WHAT THE TASK ASKS: Please write out only the lines from the line with "Starmer advierte posible" to the line with "ÇİFT RENKLİ SÜET BURUN DETAYLI BABET SİYAH", inclusive, exactly as they stand below, without the pictures.

--- EXTRACTED DATA Enclosed Below ---

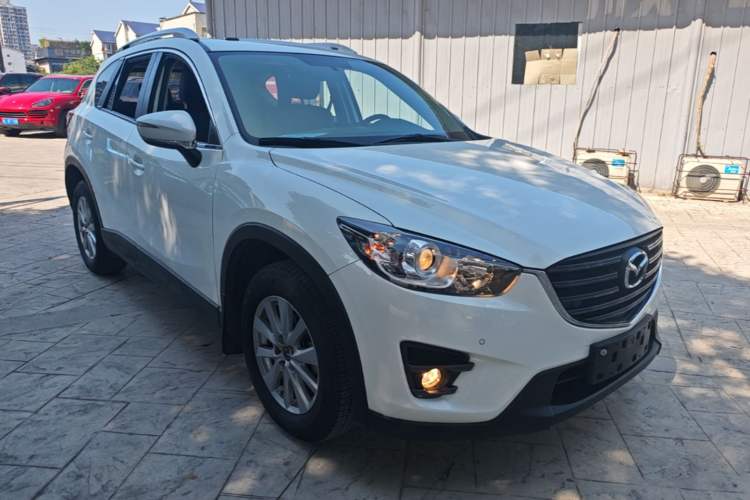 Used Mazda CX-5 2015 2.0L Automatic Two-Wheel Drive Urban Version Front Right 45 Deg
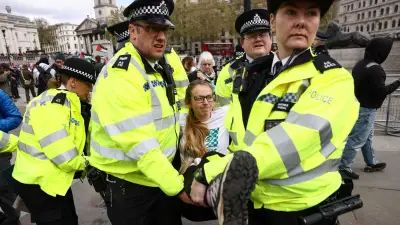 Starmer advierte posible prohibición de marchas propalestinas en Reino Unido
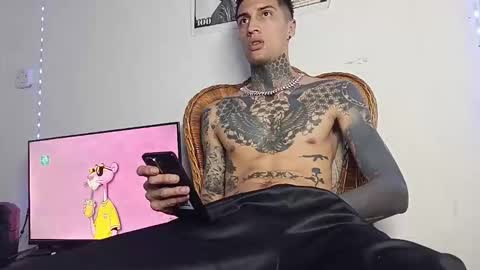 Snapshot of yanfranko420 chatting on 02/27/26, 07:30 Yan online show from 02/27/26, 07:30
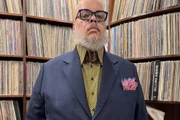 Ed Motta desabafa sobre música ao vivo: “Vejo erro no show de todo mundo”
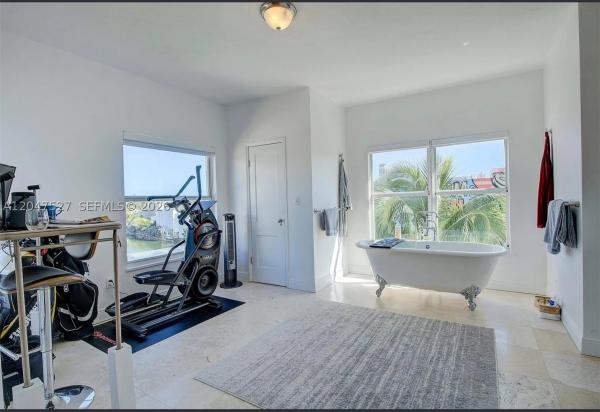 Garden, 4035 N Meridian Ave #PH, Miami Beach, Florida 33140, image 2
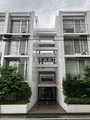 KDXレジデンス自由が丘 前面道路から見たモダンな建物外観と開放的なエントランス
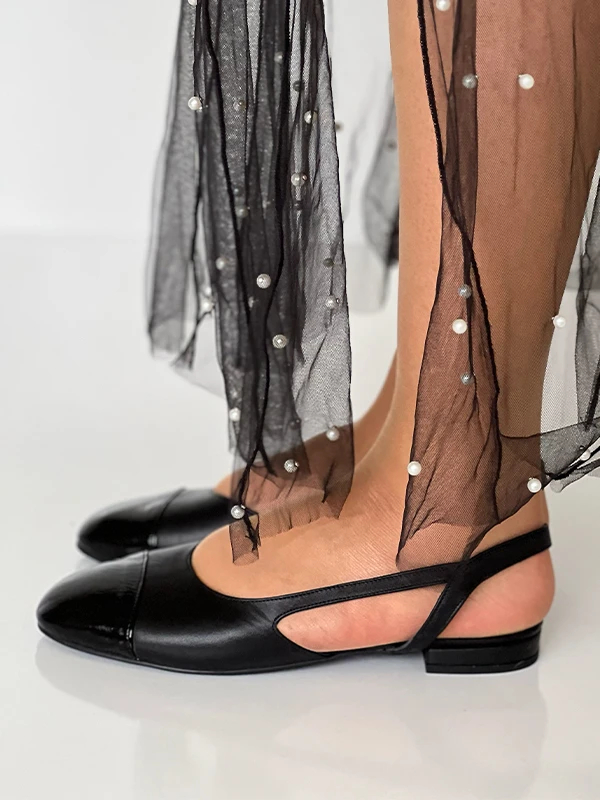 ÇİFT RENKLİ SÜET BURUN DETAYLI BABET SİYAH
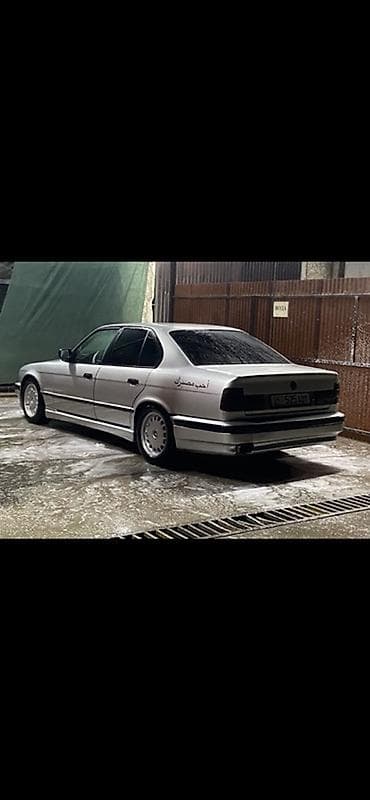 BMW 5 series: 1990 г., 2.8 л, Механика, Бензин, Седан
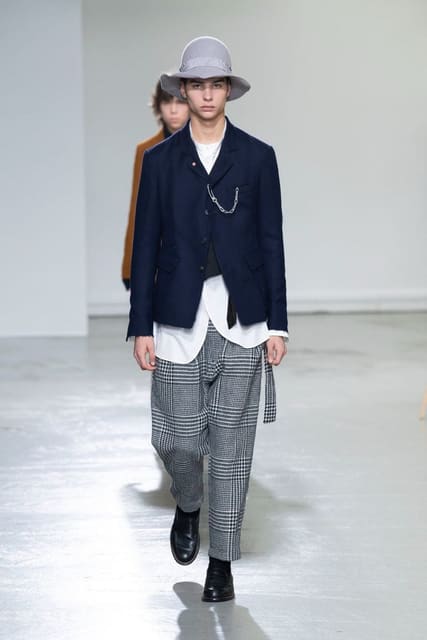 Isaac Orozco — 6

--- End of Enclosed EXTRACTED DATA ---
--- EXTRACTED DATA Enclosed Below ---

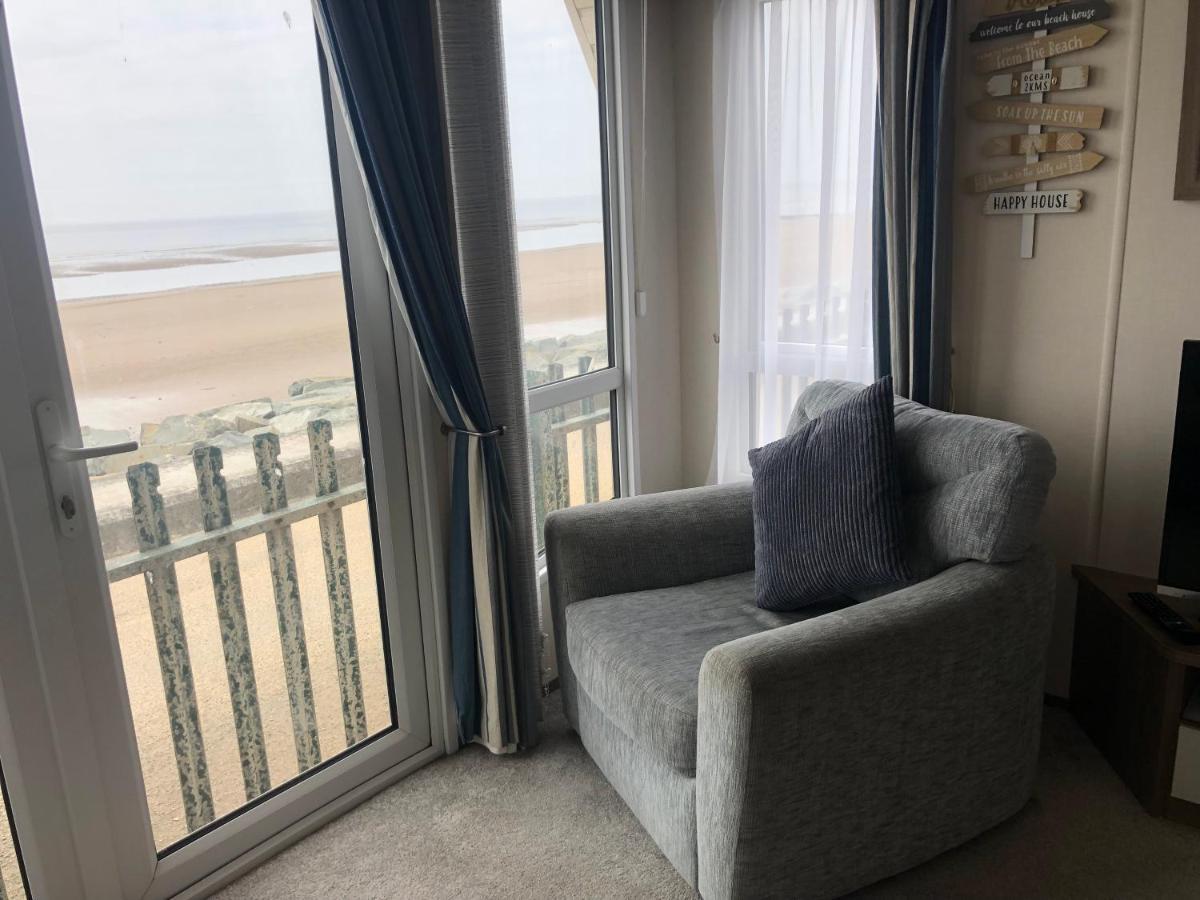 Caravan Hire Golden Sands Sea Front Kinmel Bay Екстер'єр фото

--- End of Enclosed EXTRACTED DATA ---

REPLY:
 Starmer advierte posible prohibición de marchas propalestinas en Reino Unido
 Snapshot of yanfranko420 chatting on 02/27/26, 07:30 Yan online show from 02/27/26, 07:30
 Ed Motta desabafa sobre música ao vivo: “Vejo erro no show de todo mundo”
 Garden, 4035 N Meridian Ave #PH, Miami Beach, Florida 33140, image 2
 KDXレジデンス自由が丘 前面道路から見たモダンな建物外観と開放的なエントランス
 ÇİFT RENKLİ SÜET BURUN DETAYLI BABET SİYAH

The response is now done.